Your task
No pictures belong in the copy. Retype exactly, and only, the stretch of lines below from the one with "Tory Burch Elegant Gold Drop Earrings" through the one with "Watercolor Leaves Leaf".

Given data
★ ★ ★ ★

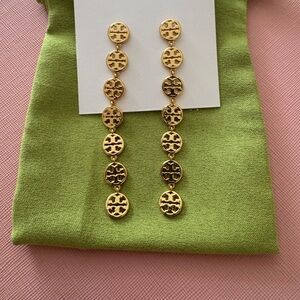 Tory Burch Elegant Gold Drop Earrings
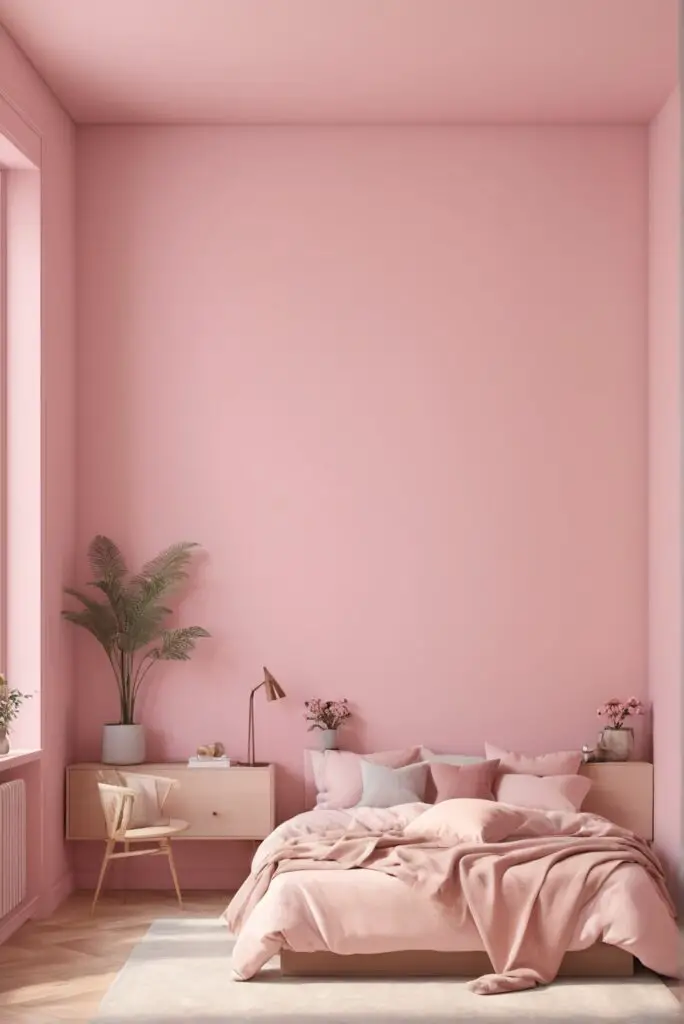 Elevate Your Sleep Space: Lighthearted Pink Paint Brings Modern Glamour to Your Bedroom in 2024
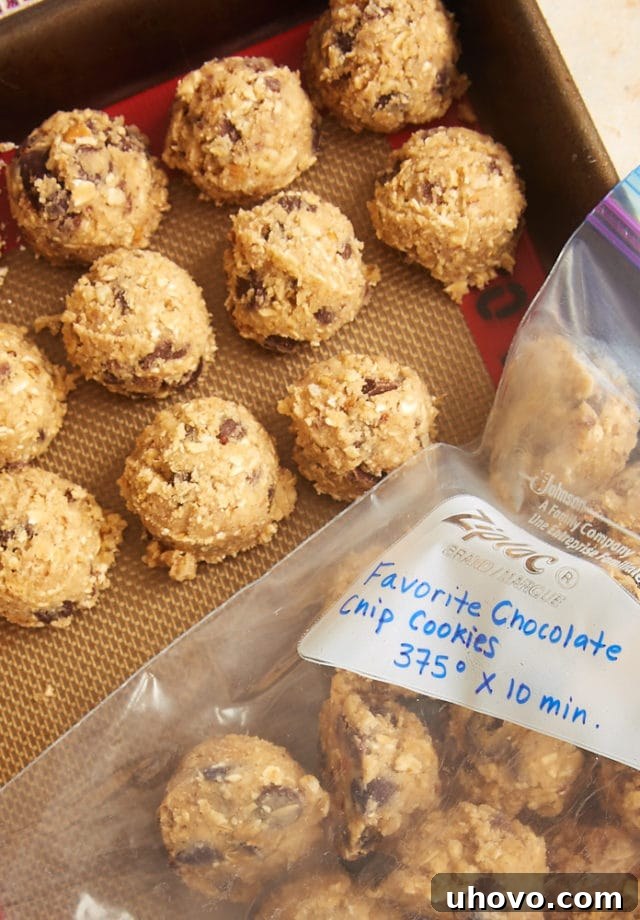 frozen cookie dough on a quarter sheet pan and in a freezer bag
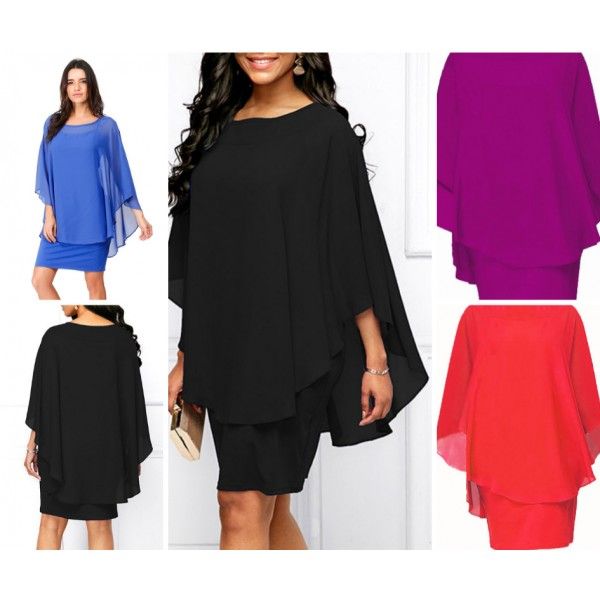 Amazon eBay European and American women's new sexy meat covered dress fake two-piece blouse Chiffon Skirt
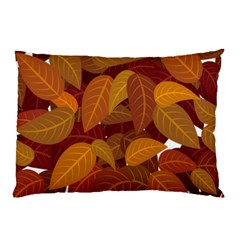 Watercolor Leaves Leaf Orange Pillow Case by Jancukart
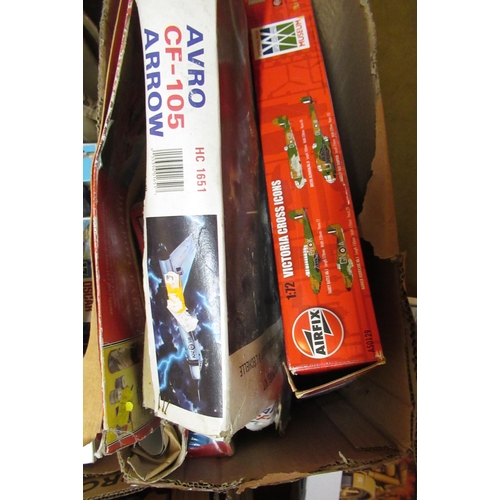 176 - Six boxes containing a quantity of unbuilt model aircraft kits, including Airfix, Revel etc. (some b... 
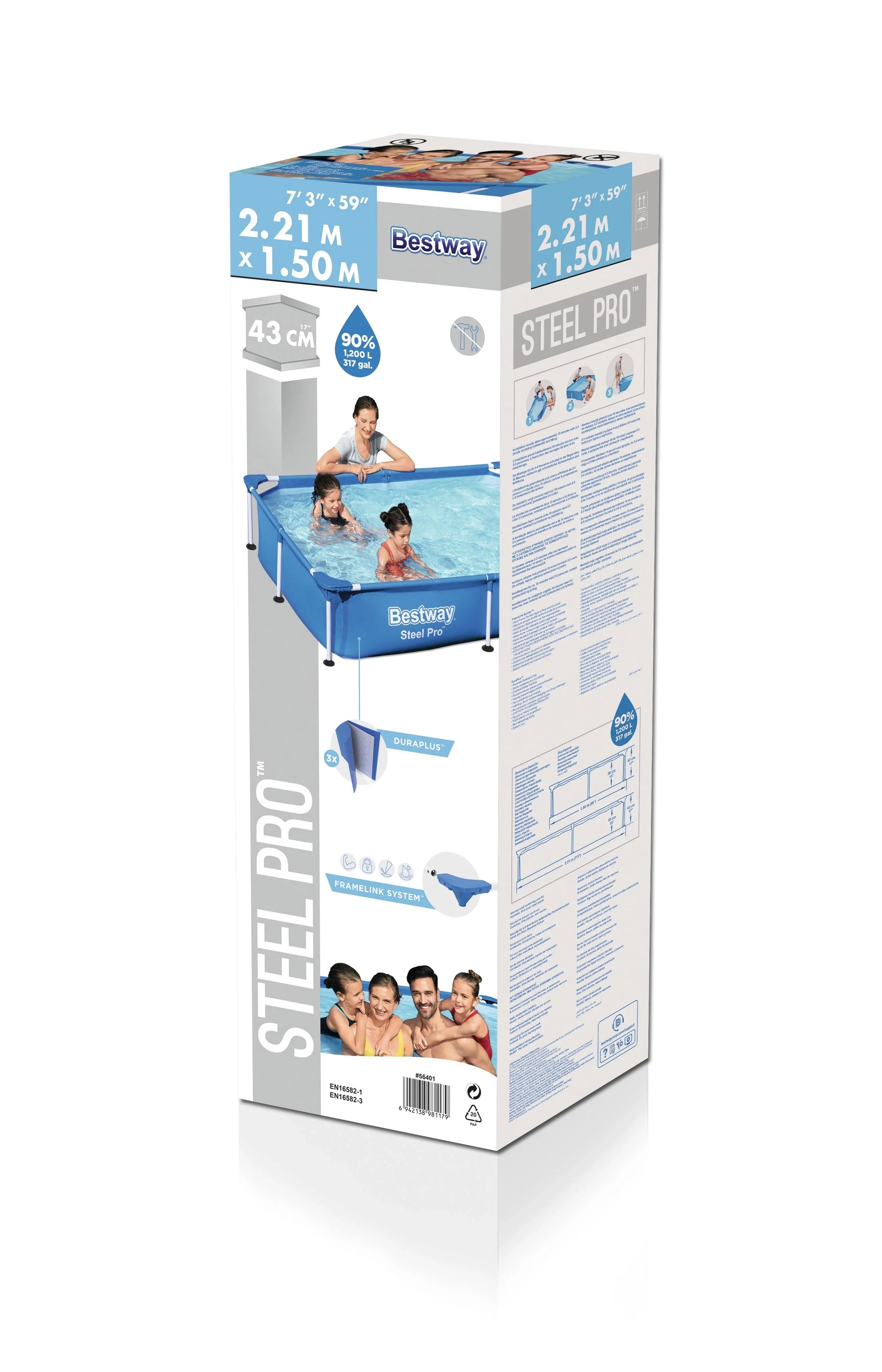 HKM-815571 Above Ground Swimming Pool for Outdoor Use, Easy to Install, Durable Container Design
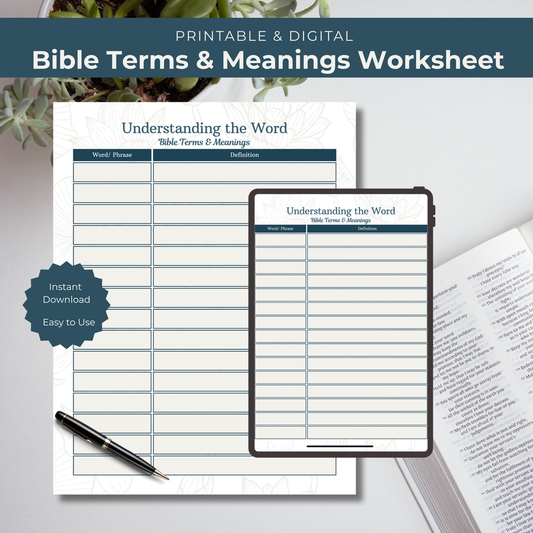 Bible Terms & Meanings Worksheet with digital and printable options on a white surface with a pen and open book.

★ ★ ★ ★

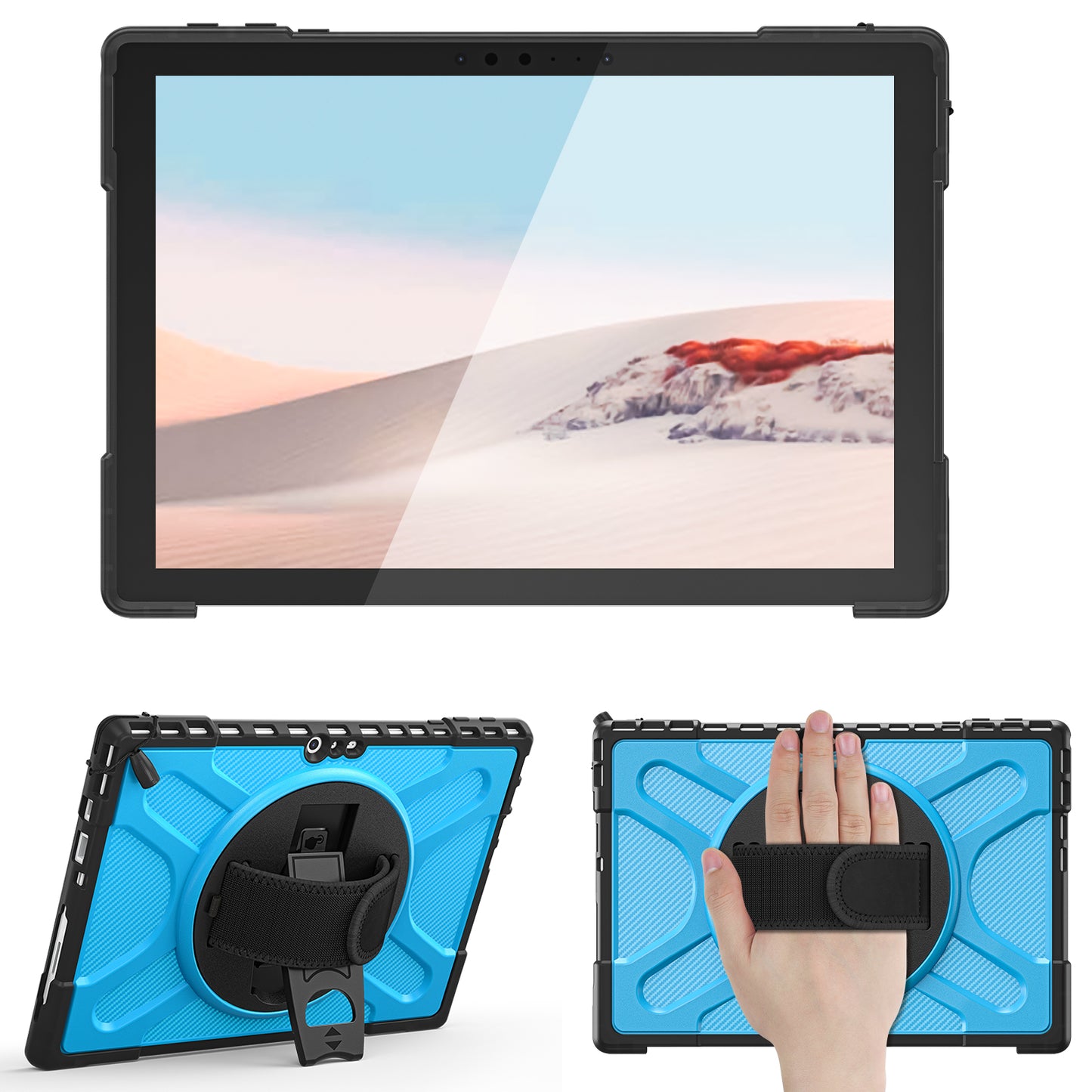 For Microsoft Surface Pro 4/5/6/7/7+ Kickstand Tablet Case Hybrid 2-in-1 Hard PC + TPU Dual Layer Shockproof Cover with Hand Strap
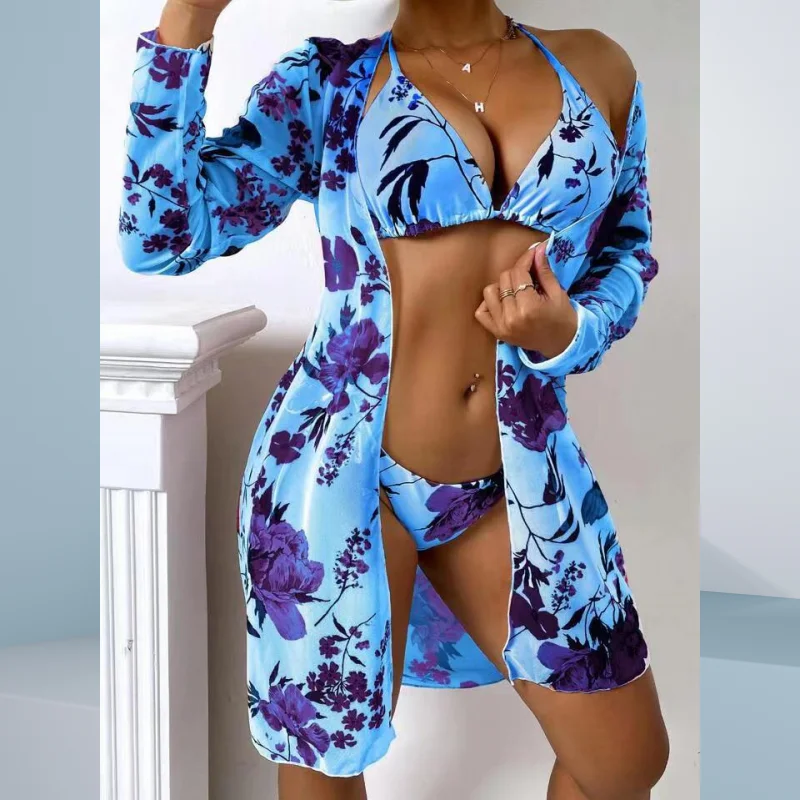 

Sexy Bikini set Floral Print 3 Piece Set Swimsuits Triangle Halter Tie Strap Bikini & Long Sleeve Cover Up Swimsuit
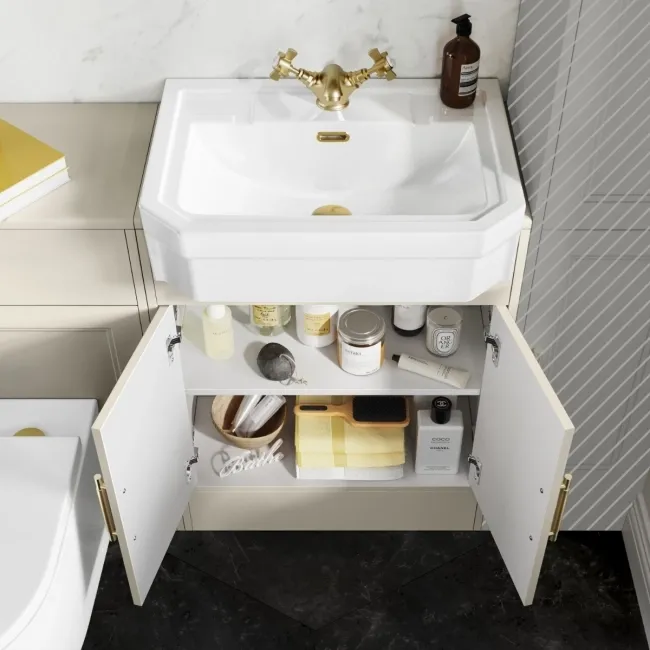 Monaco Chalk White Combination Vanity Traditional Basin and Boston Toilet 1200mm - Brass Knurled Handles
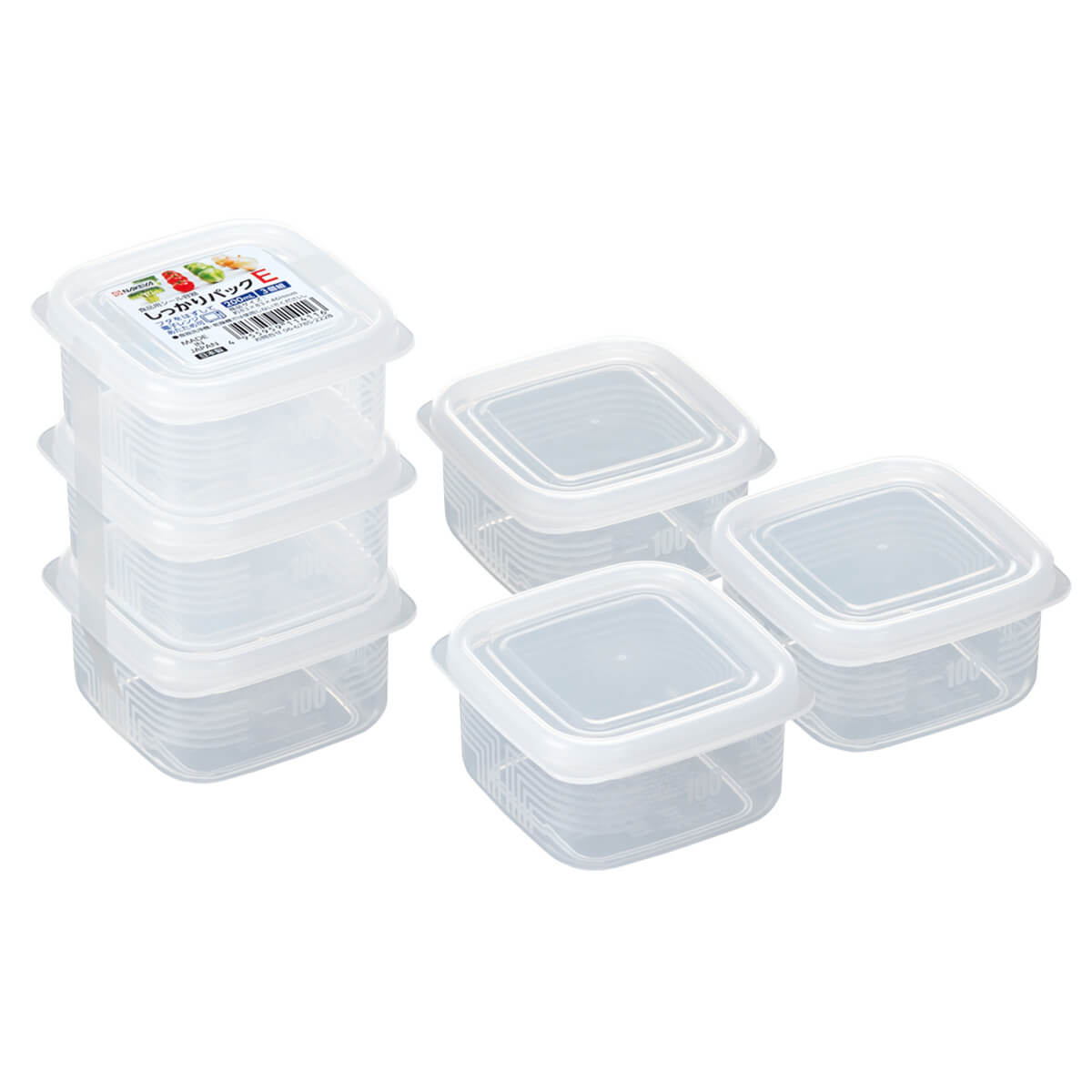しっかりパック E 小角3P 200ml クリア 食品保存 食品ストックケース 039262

★ ★ ★ ★

Written answer
 Tory Burch Elegant Gold Drop Earrings
 Elevate Your Sleep Space: Lighthearted Pink Paint Brings Modern Glamour to Your Bedroom in 2024
 frozen cookie dough on a quarter sheet pan and in a freezer bag
 Amazon eBay European and American women's new sexy meat covered dress fake two-piece blouse Chiffon Skirt
 Watercolor Leaves Leaf Orange Pillow Case by Jancukart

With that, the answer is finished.